Dataset records:

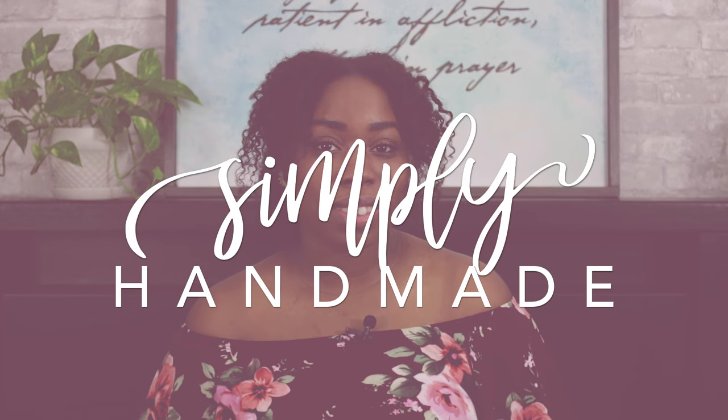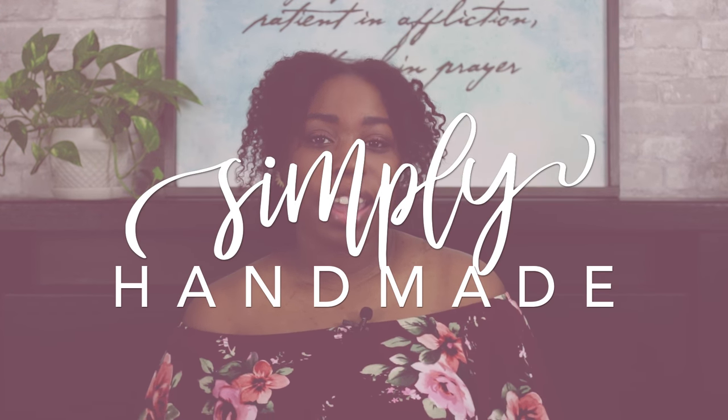I just recently had my anatomy scan and I want to share some expectations and tips with you guys in case you're curious on what you can expect. Hey everyone and welcome back to Simply Handmade — if you're new, welcome! My name is Kel and in today's video I'm going to be discussing expectations and some tips for the anatomy scan, which is one of the biggest scans you can have during pregnancy.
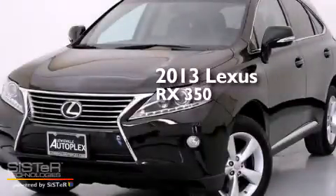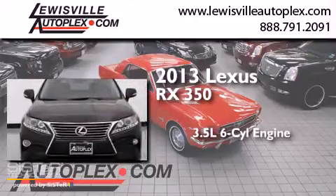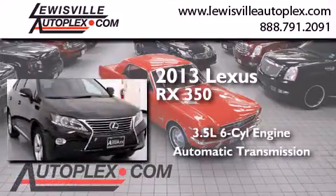This is a 2013 Lexus RX 350. It has a 3.5-liter six-cylinder engine, an automatic transmission, and all-wheel drive.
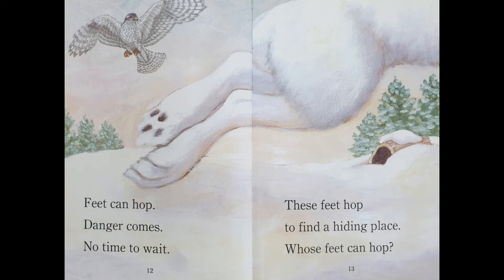Feet can hop. Danger comes. No time to wait. These feet hop to find a hiding place. Whose feet can hop?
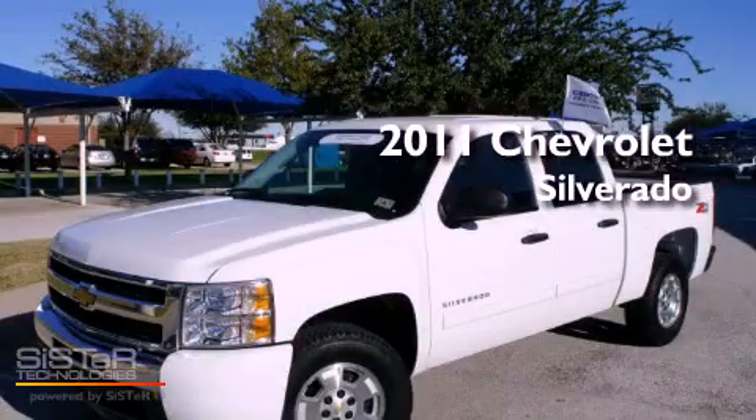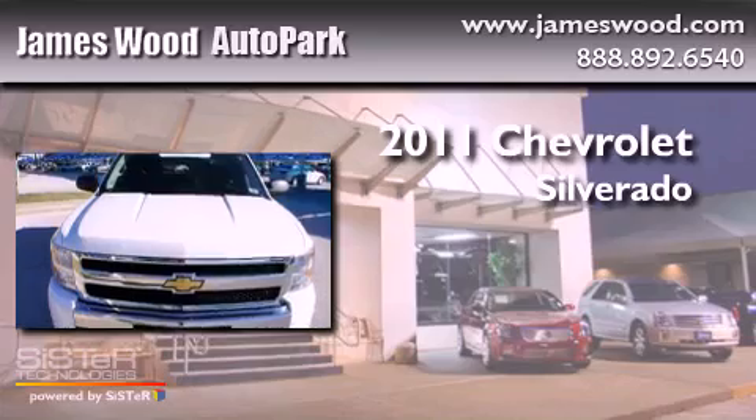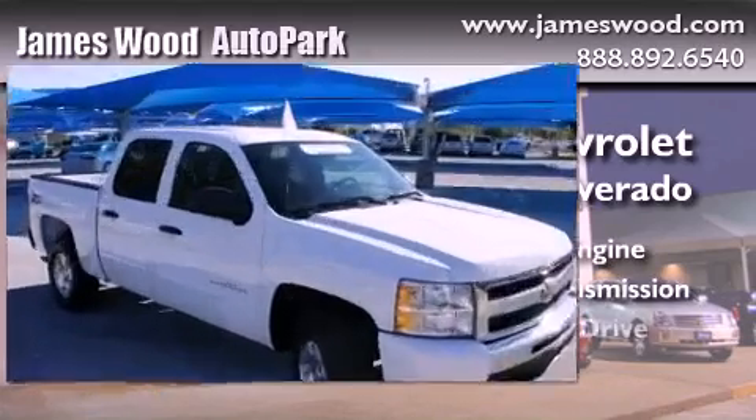This is a certified pre-owned 2011 Chevrolet Silverado. It has a 5.3 liter 8-cylinder engine, an automatic transmission, and 4-wheel drive.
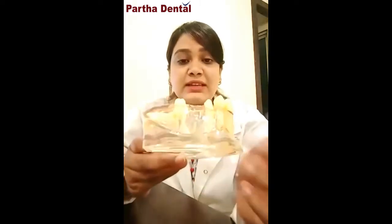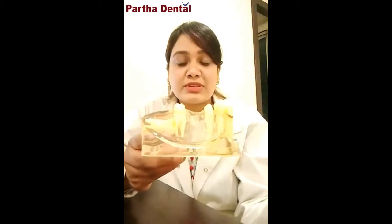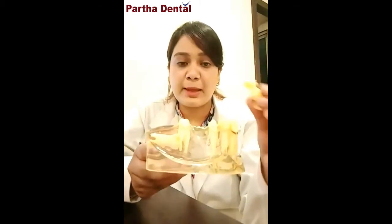To start with, in early days when a patient had a missing tooth, we used to replace it with a fixed process — either we used to cut down the adjacent teeth a little bit, so that we had space for placing a cap, and then we used to give a fixed bridge.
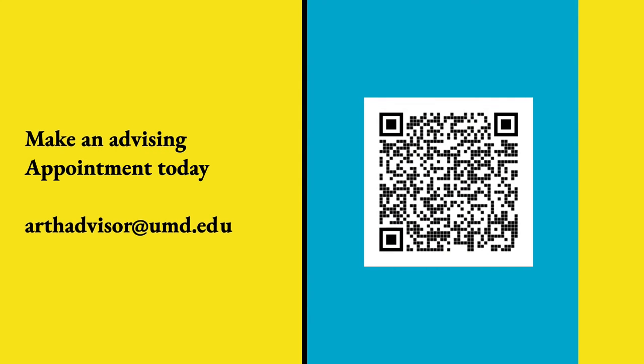If you are interested in a degree in art history and archaeology, or if you have any questions about course requirements and offerings, please contact an academic advisor at ARTHadvisor@UMD.edu. You can also make an appointment directly by scanning the QR code here. We look forward to welcoming you to the department.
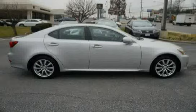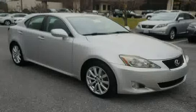The low mileage of 68,801 miles makes this IS250 an easy choice for you.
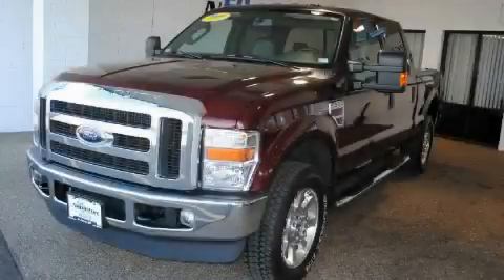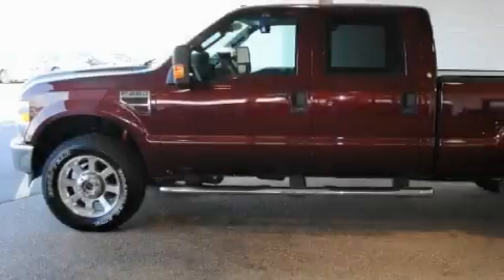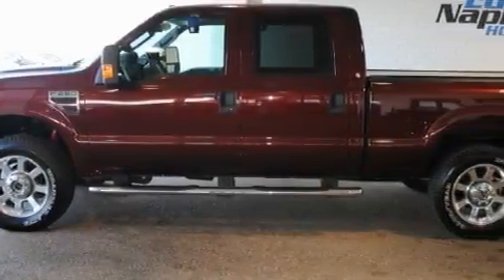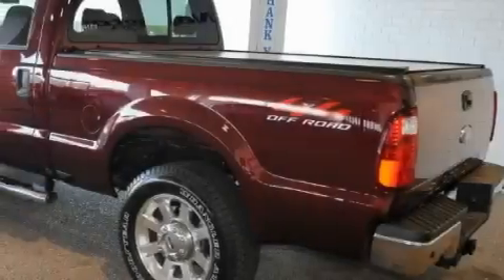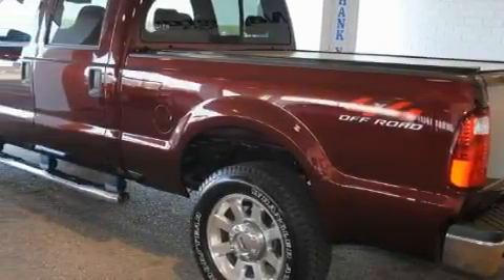This is a 2009 Ford Super Duty. It has the power to move what you need and the look too. The dependable 8-cylinder turbocharged engine connected to an automatic transmission has enough power to pull a trailer or cruise around town.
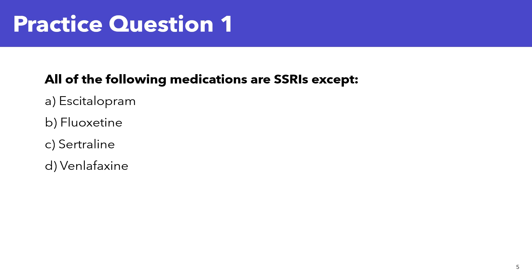Let's look at it together. A. Escitalopram is an SSRI — the brand name is Lexapro. B. Fluoxetine, or Prozac, is also an SSRI. C. Sertraline, or Zoloft, is also an SSRI. D is the correct answer. Venlafaxine, brand name Effexor, is an SNRI — it inhibits both norepinephrine and serotonin, so it is an SNRI and not an SSRI. That makes the correct answer D.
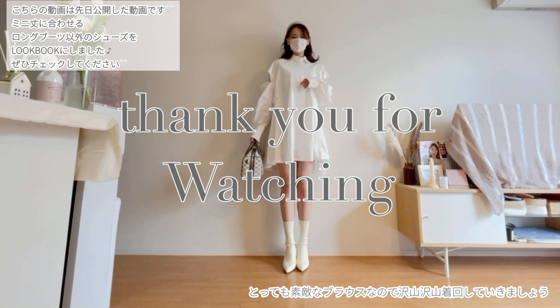The organza sheer blouse is truly a wonderful blouse, and it's easy to coordinate with caps and sneaker sole sandals as well. Thank you for watching until the end! It's such a lovely blouse, so let's style it in many different ways. Please subscribe to the channel and hit the like button. I'm also on Instagram, so please feel free to leave requests and comments. Thank you always for your warm messages. Bye bye!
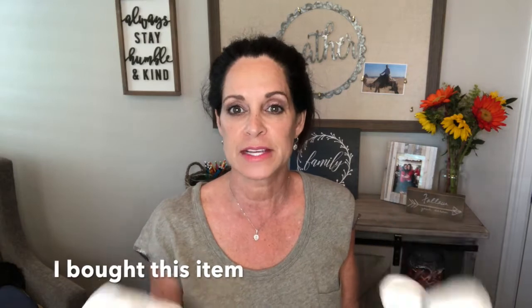I also purchased some muslin cloths online from an Etsy shop. One of my viewers told me her daughter started making these muslin cloths for cleansing your face or for use with a baby. I got the solid white ones — three for $15. They have a nice texture for exfoliating and a little loop so you can hang them in your shower or near your vanity. I'll put the link below.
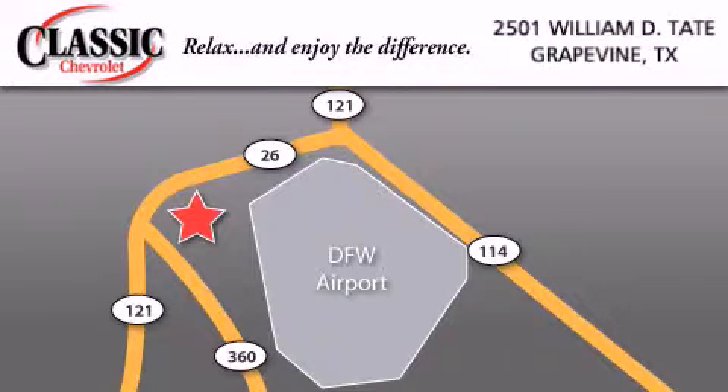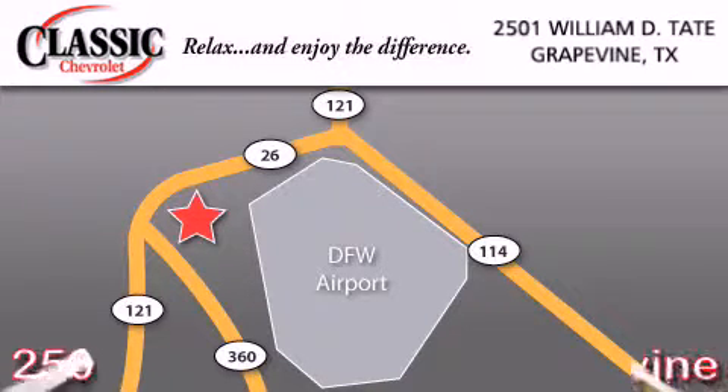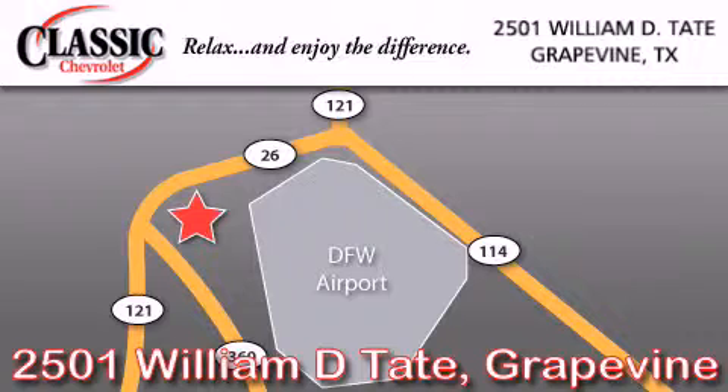Classic Chevrolet is located at 2501 William D. Tate in Grapevine. Our goal is to exceed all of your expectations to ensure that you'll return for future visits.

> **Required action**
With every picture removed, give the entries above again exactly.

> **Written response**
I just recently had my anatomy scan and I want to share some expectations and tips with you guys in case you're curious on what you can expect. Hey everyone and welcome back to Simply Handmade — if you're new, welcome! My name is Kel and in today's video I'm going to be discussing expectations and some tips for the anatomy scan, which is one of the biggest scans you can have during pregnancy.
This is a 2013 Lexus RX 350. It has a 3.5-liter six-cylinder engine, an automatic transmission, and all-wheel drive.
Feet can hop. Danger comes. No time to wait. These feet hop to find a hiding place. Whose feet can hop?
This is a certified pre-owned 2011 Chevrolet Silverado. It has a 5.3 liter 8-cylinder engine, an automatic transmission, and 4-wheel drive.
To start with, in early days when a patient had a missing tooth, we used to replace it with a fixed process — either we used to cut down the adjacent teeth a little bit, so that we had space for placing a cap, and then we used to give a fixed bridge.
If you are interested in a degree in art history and archaeology, or if you have any questions about course requirements and offerings, please contact an academic advisor at ARTHadvisor@UMD.edu. You can also make an appointment directly by scanning the QR code here. We look forward to welcoming you to the department.
The low mileage of 68,801 miles makes this IS250 an easy choice for you.
This is a 2009 Ford Super Duty. It has the power to move what you need and the look too. The dependable 8-cylinder turbocharged engine connected to an automatic transmission has enough power to pull a trailer or cruise around town.
Let's look at it together. A. Escitalopram is an SSRI — the brand name is Lexapro. B. Fluoxetine, or Prozac, is also an SSRI. C. Sertraline, or Zoloft, is also an SSRI. D is the correct answer. Venlafaxine, brand name Effexor, is an SNRI — it inhibits both norepinephrine and serotonin, so it is an SNRI and not an SSRI. That makes the correct answer D.
The organza sheer blouse is truly a wonderful blouse, and it's easy to coordinate with caps and sneaker sole sandals as well. Thank you for watching until the end! It's such a lovely blouse, so let's style it in many different ways. Please subscribe to the channel and hit the like button. I'm also on Instagram, so please feel free to leave requests and comments. Thank you always for your warm messages. Bye bye!
I also purchased some muslin cloths online from an Etsy shop. One of my viewers told me her daughter started making these muslin cloths for cleansing your face or for use with a baby. I got the solid white ones — three for $15. They have a nice texture for exfoliating and a little loop so you can hang them in your shower or near your vanity. I'll put the link below.
Classic Chevrolet is located at 2501 William D. Tate in Grapevine. Our goal is to exceed all of your expectations to ensure that you'll return for future visits.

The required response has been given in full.